- What to do
As you write out the lines from the one containing "11342 Summer II" through the last line of the records, keep them exact and leave out pictures.

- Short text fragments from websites
######
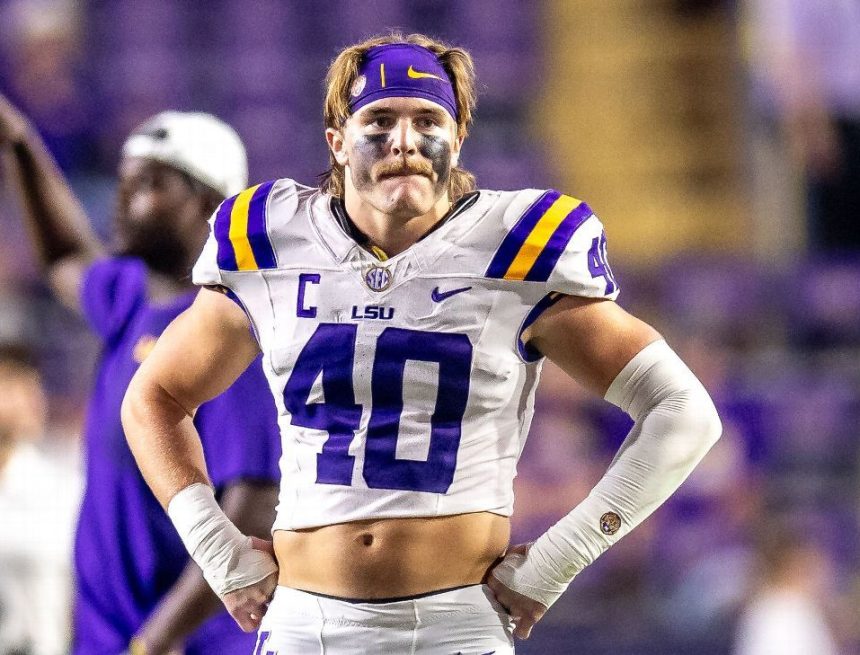 LSU LB Whit Weeks (ankle) doubtful vs. Vandy, sources say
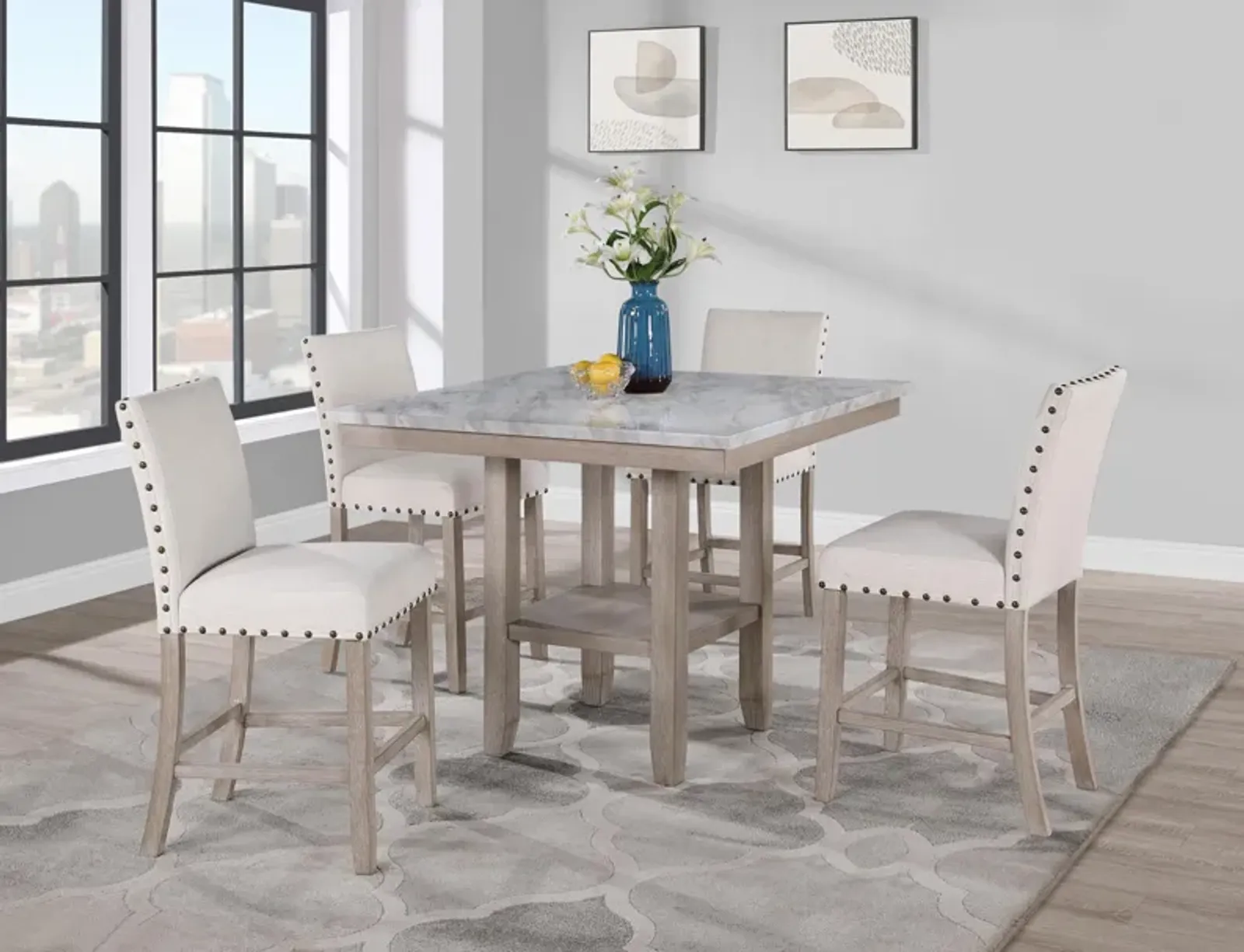 Aleeda 5-Piece Bar Height Dining Set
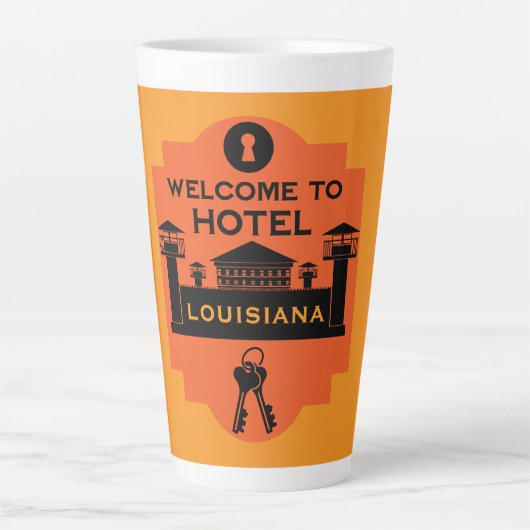 Tasse Latte Cadeau de visite de prison (Devant)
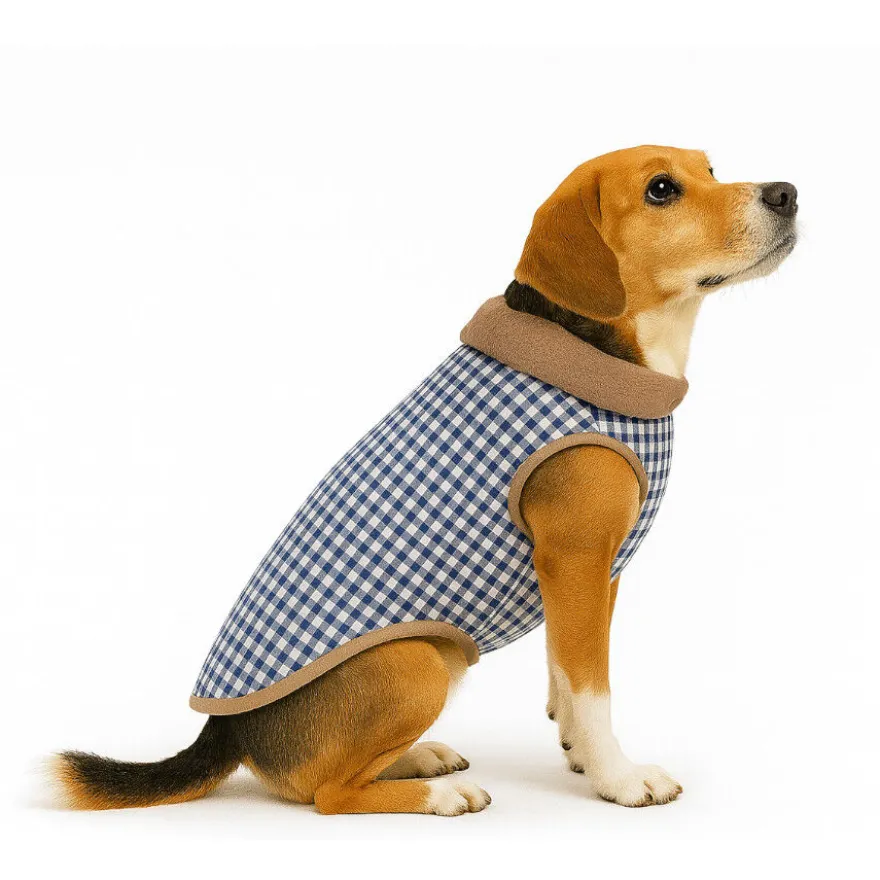 Outech Casaco Bomber Vichy Navy para cães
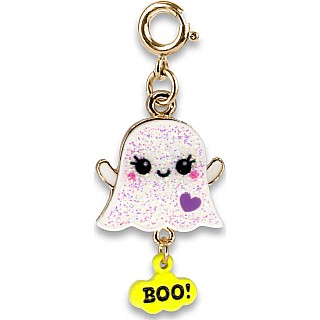 Gold Glitter Ghost Charm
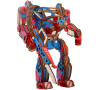 Woodcraft Dřevěné 3D puzzle Powersuit barevný Woodcraft construction kit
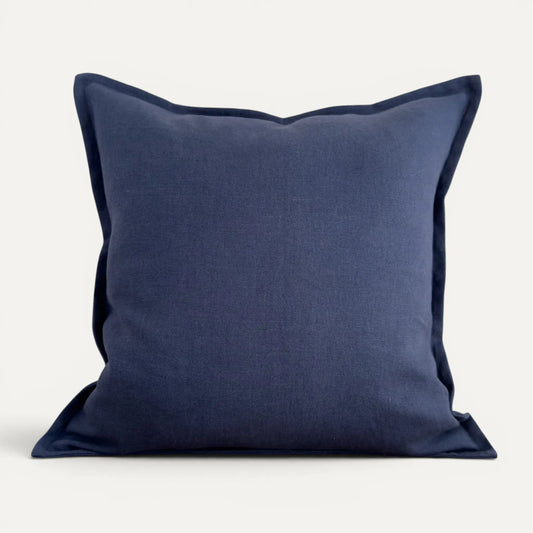 Essential Elegance Linen Cushion Cover - Navy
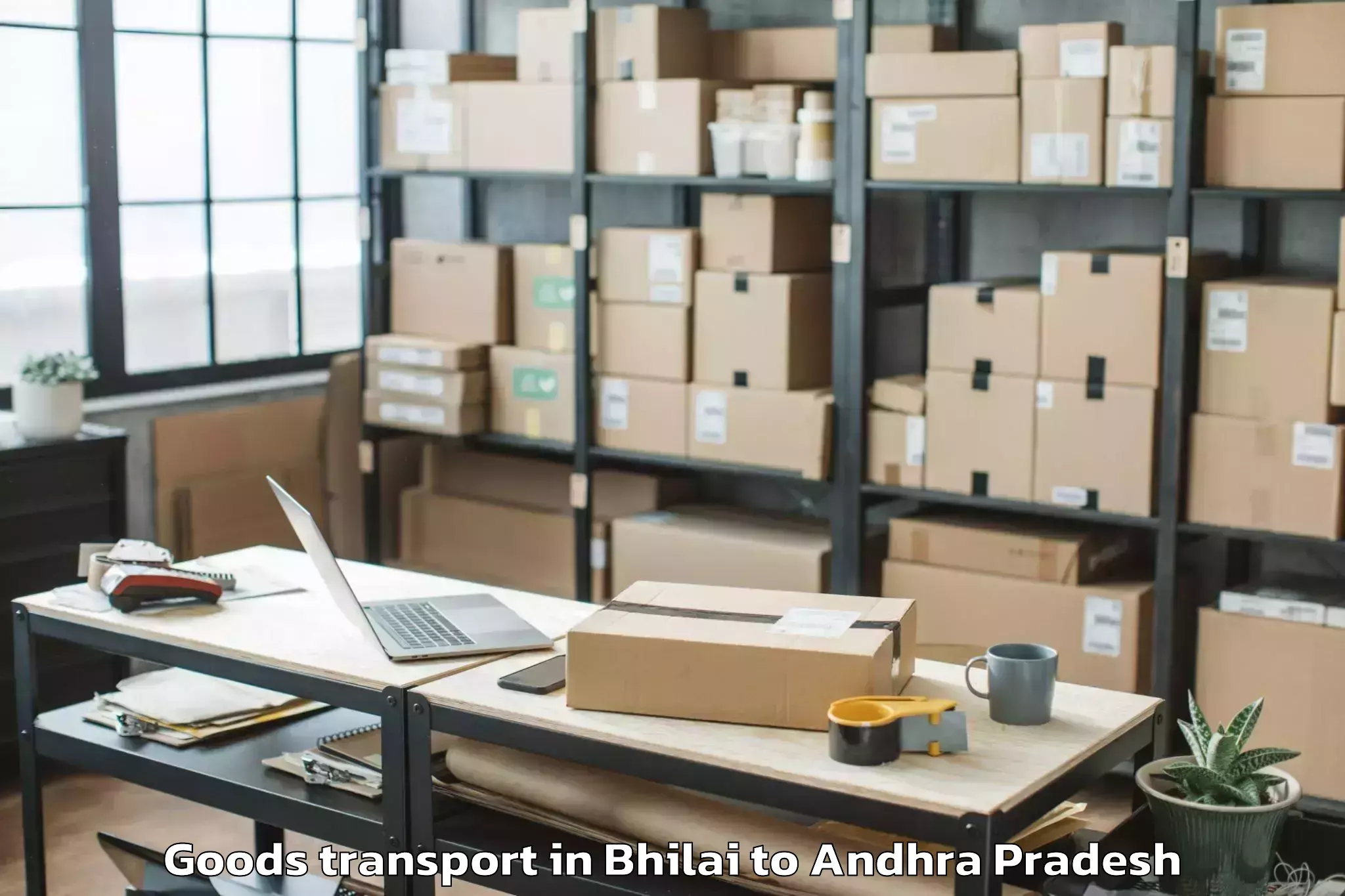 Book Your Bhilai to Vajrapukotturu Goods Transport Today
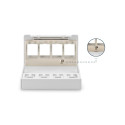 "DIGITUS Patchpanel 4-Port Modular Patchpanel weiß"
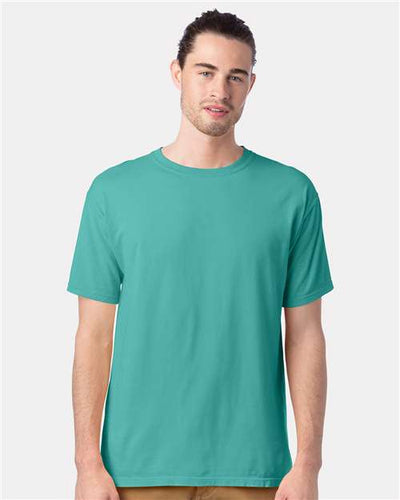 ComfortWash by Hanes GDH100 Spanish Moss — on model front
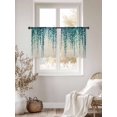 thumbnail image 3 of Blue Eucalyptus Leaves Sheer Curtains 2 Panels Set Summer Watercolor Plants Linen Sheer Window Curtains Light Filtering Rod Pocket Voile Drapes for Bedroom Living Room 52"x54", 3 of 8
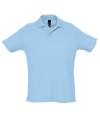 11342 Summer II Cotton Piqué Polo Shirt Sky Blue colour image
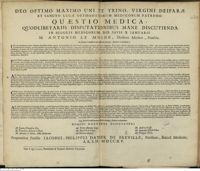 0001 - Page sans numérotation - An statim à menstruorum effluvio concepti, firmioris valetudinis ?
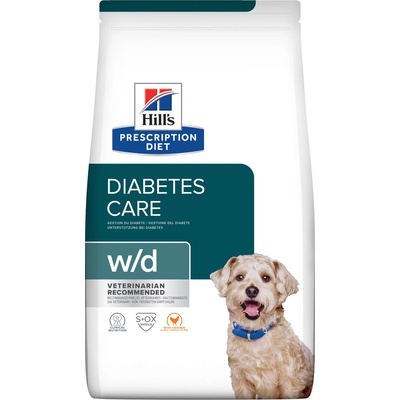 Hill's Prescription Diet W/D Udržení hmotnosti a péče při cukrovce pro psy 2 x 10 kg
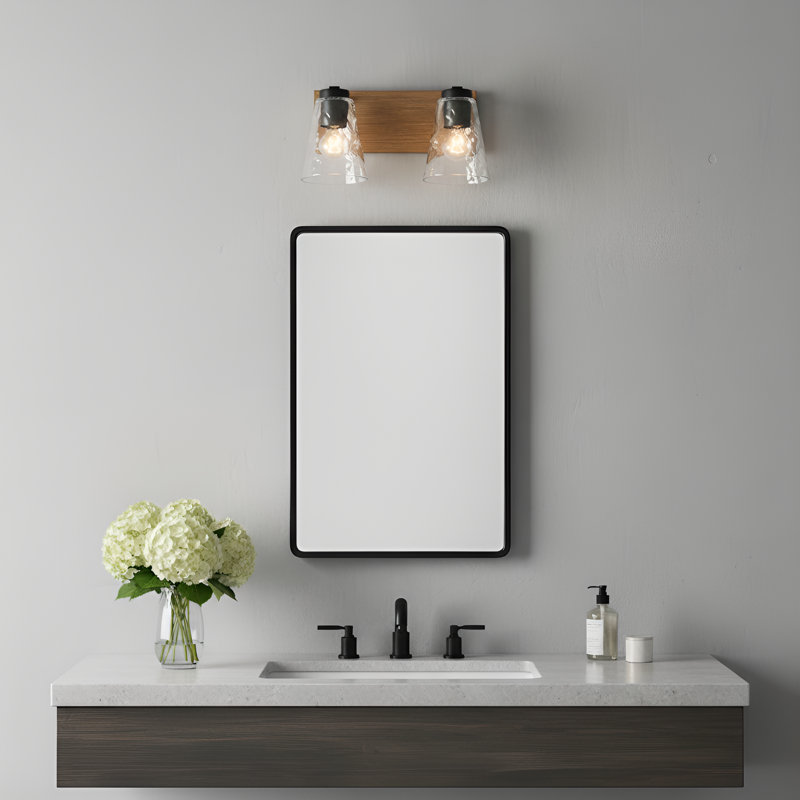 Meuble-lavabo Dunton , H 7,5 po x l 13,625 po x P 6,5 po, Deux lumières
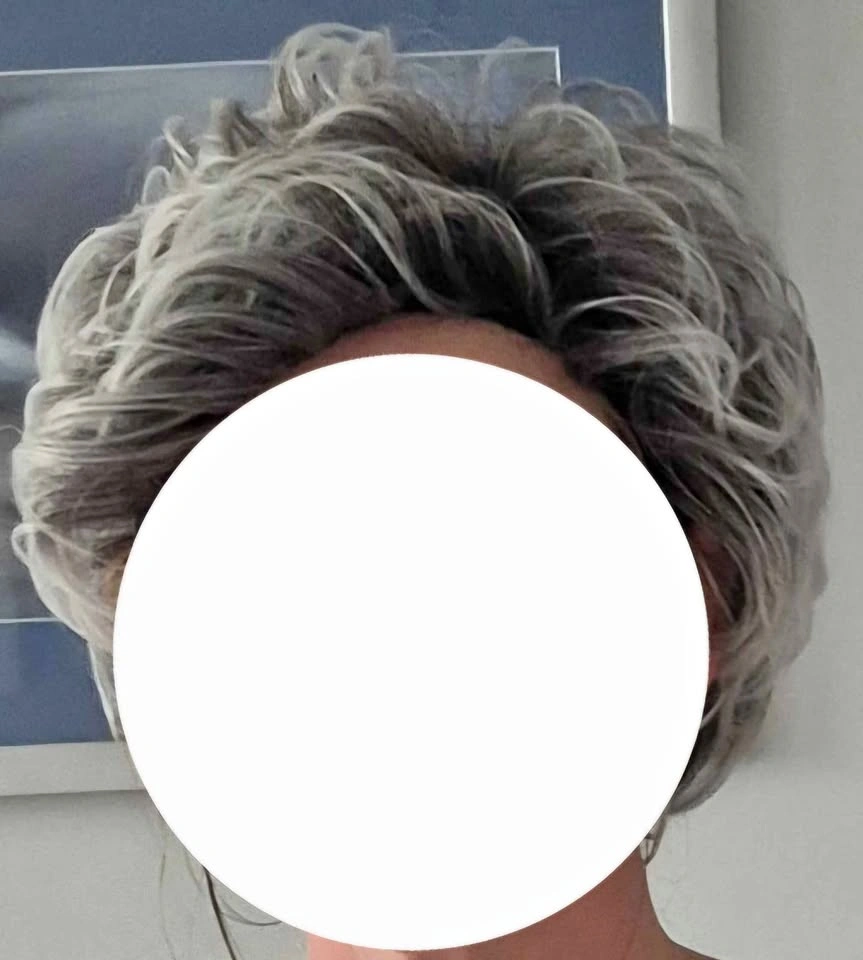 Short Curly Salt and Pepper Wig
######
- Exercise response
 11342 Summer II Cotton Piqué Polo Shirt Sky Blue colour image
 0001 - Page sans numérotation - An statim à menstruorum effluvio concepti, firmioris valetudinis ?
 Hill's Prescription Diet W/D Udržení hmotnosti a péče při cukrovce pro psy 2 x 10 kg
 Meuble-lavabo Dunton , H 7,5 po x l 13,625 po x P 6,5 po, Deux lumières
 Short Curly Salt and Pepper Wig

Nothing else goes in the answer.